Task goal → Return all of the data that follows precisely, leaving every image out.
---------- Provided data ----------
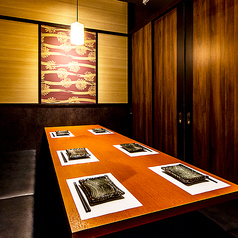 よだれ屋 梅田駅前店の雰囲気2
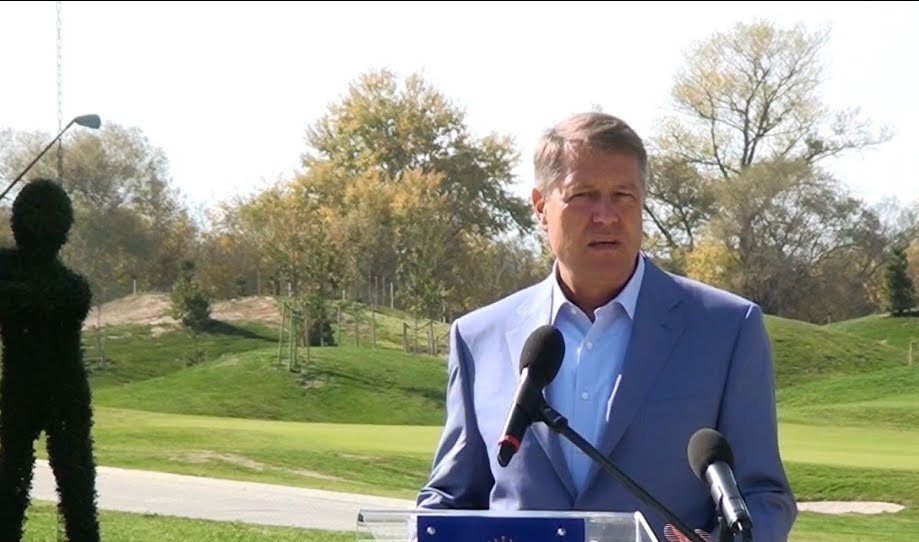 Klaus Iohannis, mesaj de Paștele catolic: "Sărbătoarea Învierii ne aduce împreună într-o comuniune a iertării şi a renaşterii. Vă urez un Paşte binecuvântat"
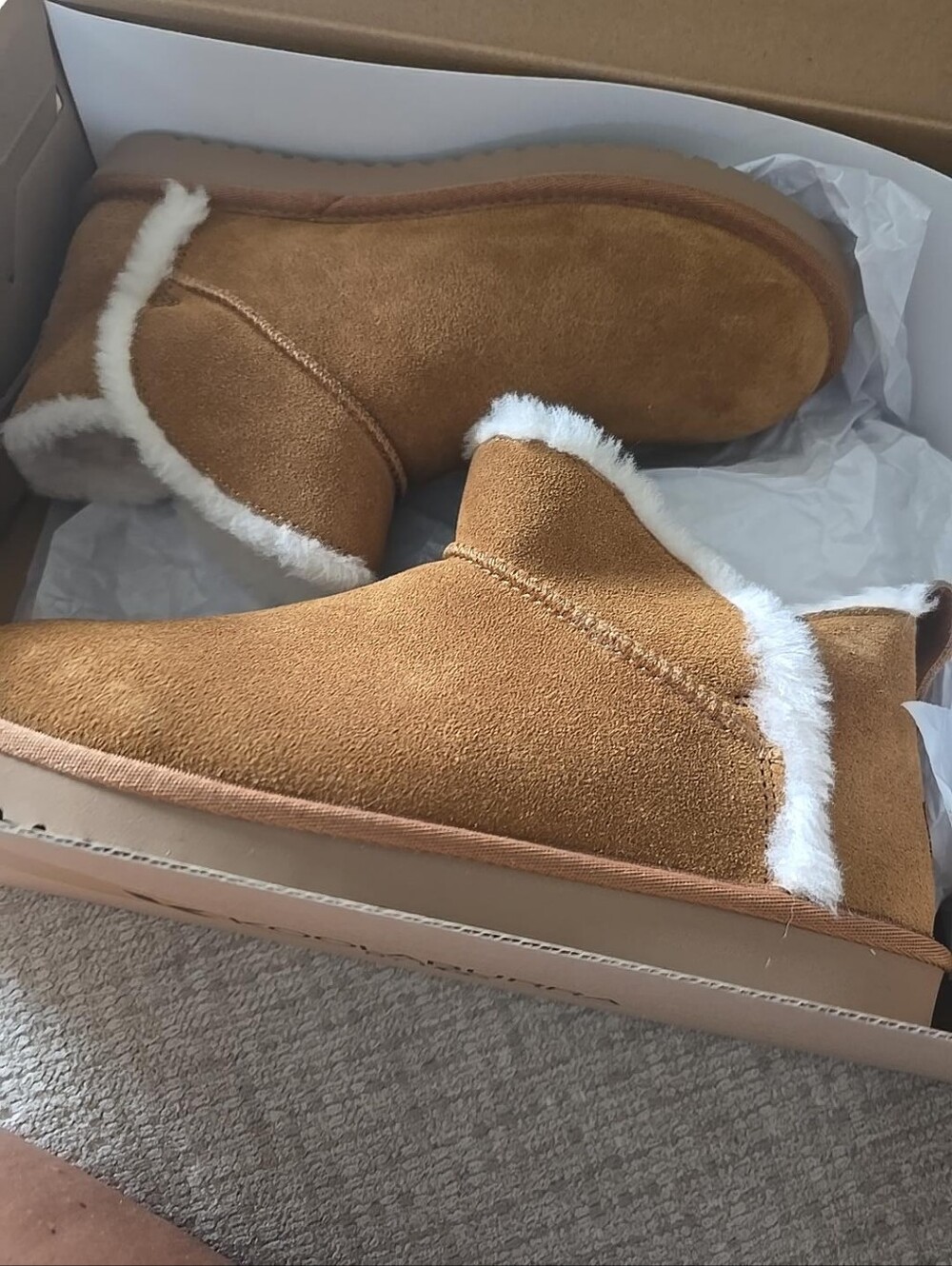 Koolaburra by UGG Womenβs Boots Size 9 β New/Never Worn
----------
Your solution →
 よだれ屋 梅田駅前店の雰囲気2
 Klaus Iohannis, mesaj de Paștele catolic: "Sărbătoarea Învierii ne aduce împreună într-o comuniune a iertării şi a renaşterii. Vă urez un Paşte binecuvântat"
 Koolaburra by UGG Womenβs Boots Size 9 β New/Never Worn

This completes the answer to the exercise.